WHAT IS BEING ASKED:
Take the entries that follow and return exactly the lines from the one holding "Oxakli suspenza olishining" through the one holding "Antique Inspired Floral", both included. Nothing else is needed.

DATA UNDER STUDY:
★ ★ ★ ★ ★ ★ ★
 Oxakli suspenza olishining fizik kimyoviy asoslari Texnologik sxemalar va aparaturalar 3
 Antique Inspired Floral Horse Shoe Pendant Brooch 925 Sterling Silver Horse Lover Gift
★ ★ ★ ★ ★ ★ ★
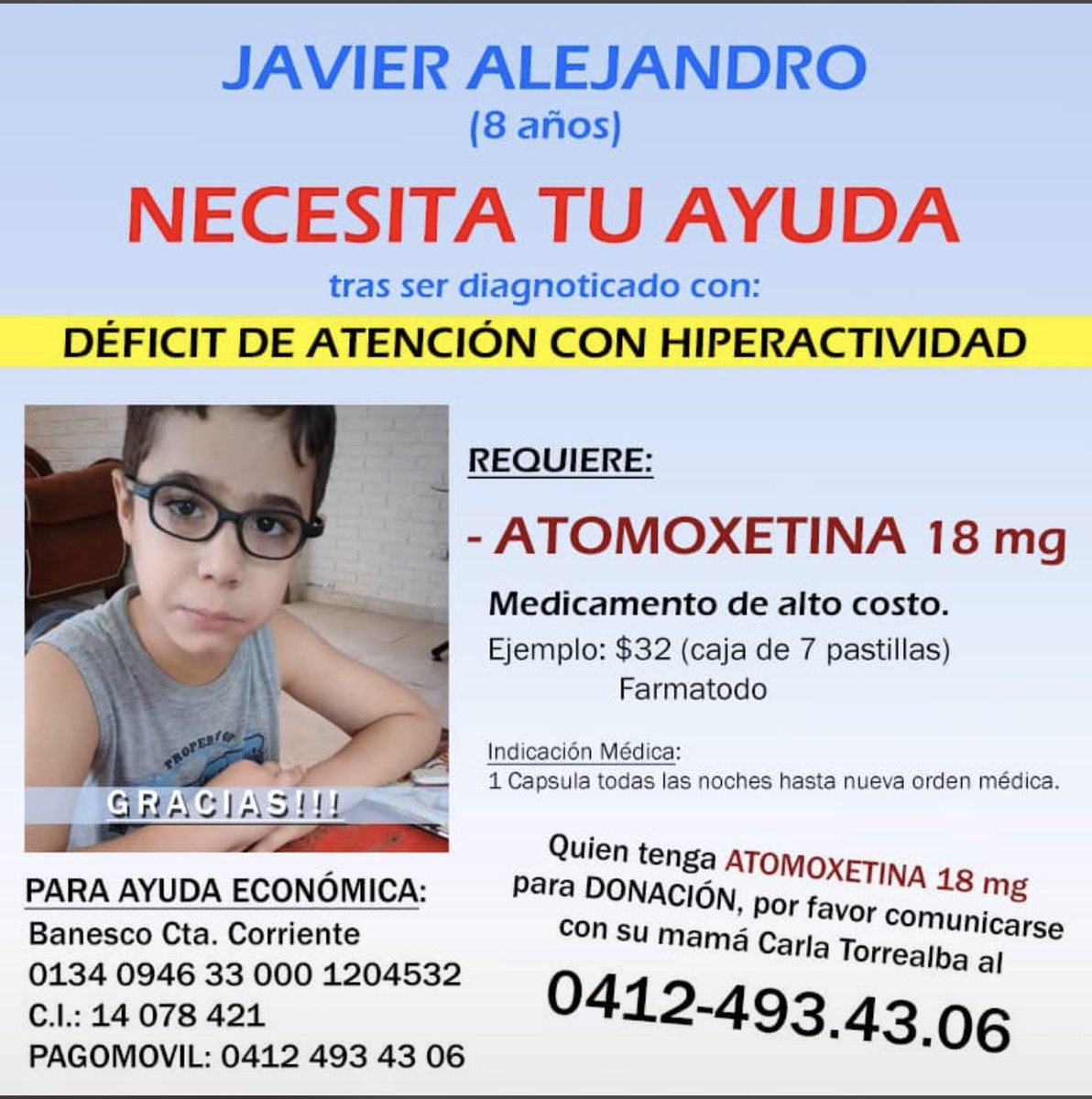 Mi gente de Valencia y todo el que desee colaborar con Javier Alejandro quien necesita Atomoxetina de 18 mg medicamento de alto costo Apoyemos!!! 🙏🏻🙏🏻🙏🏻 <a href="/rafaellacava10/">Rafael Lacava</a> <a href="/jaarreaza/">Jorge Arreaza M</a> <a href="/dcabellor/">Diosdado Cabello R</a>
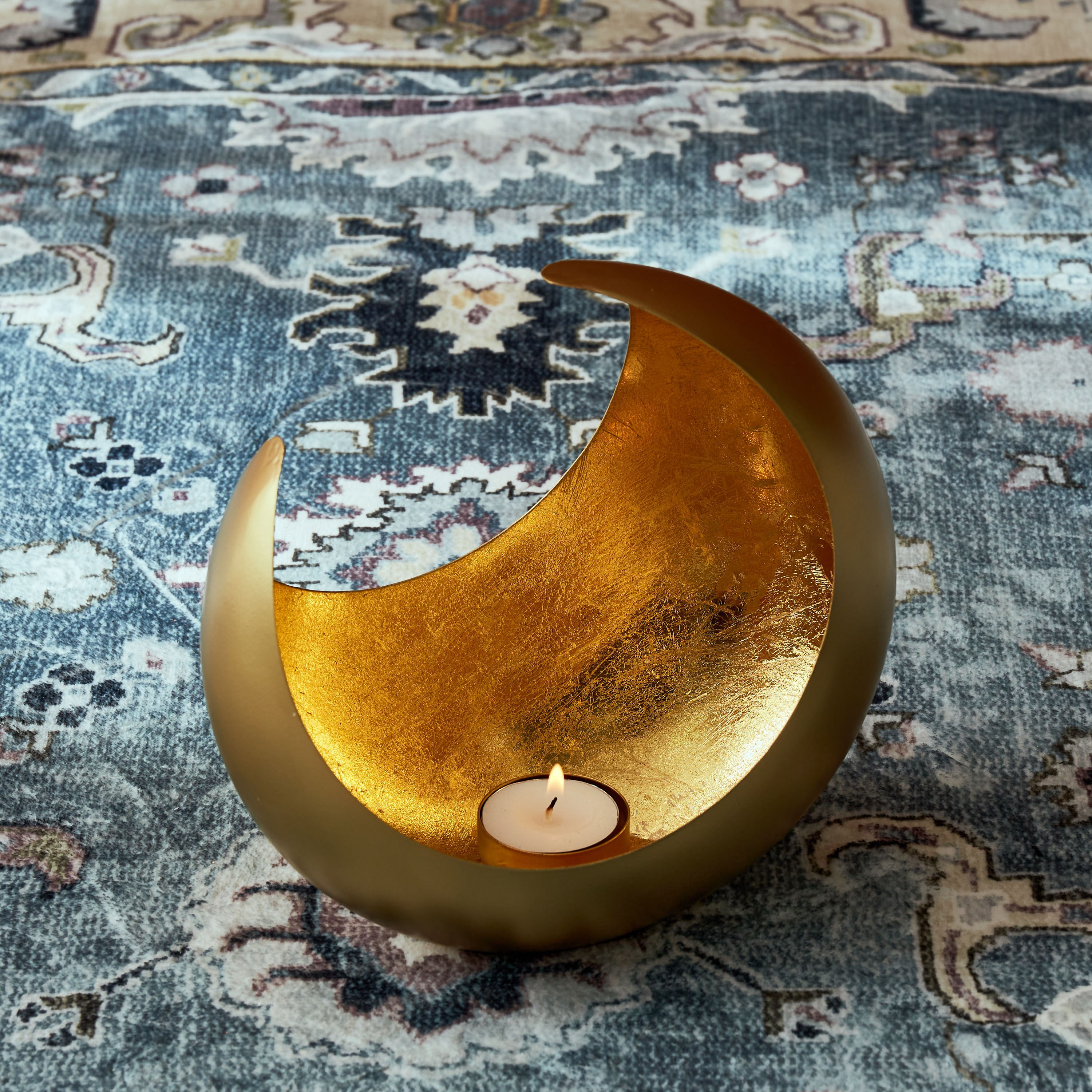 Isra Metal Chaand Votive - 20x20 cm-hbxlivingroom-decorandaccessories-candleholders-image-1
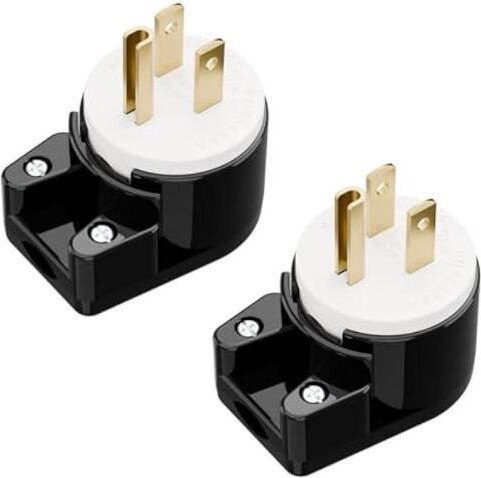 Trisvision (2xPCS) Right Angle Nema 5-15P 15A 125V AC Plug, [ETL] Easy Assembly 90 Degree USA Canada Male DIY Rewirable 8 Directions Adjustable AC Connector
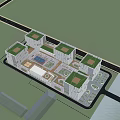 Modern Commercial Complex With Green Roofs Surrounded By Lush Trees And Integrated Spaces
★ ★ ★ ★ ★ ★ ★
ANSWER SPACE:
 Oxakli suspenza olishining fizik kimyoviy asoslari Texnologik sxemalar va aparaturalar 3
 Antique Inspired Floral Horse Shoe Pendant Brooch 925 Sterling Silver Horse Lover Gift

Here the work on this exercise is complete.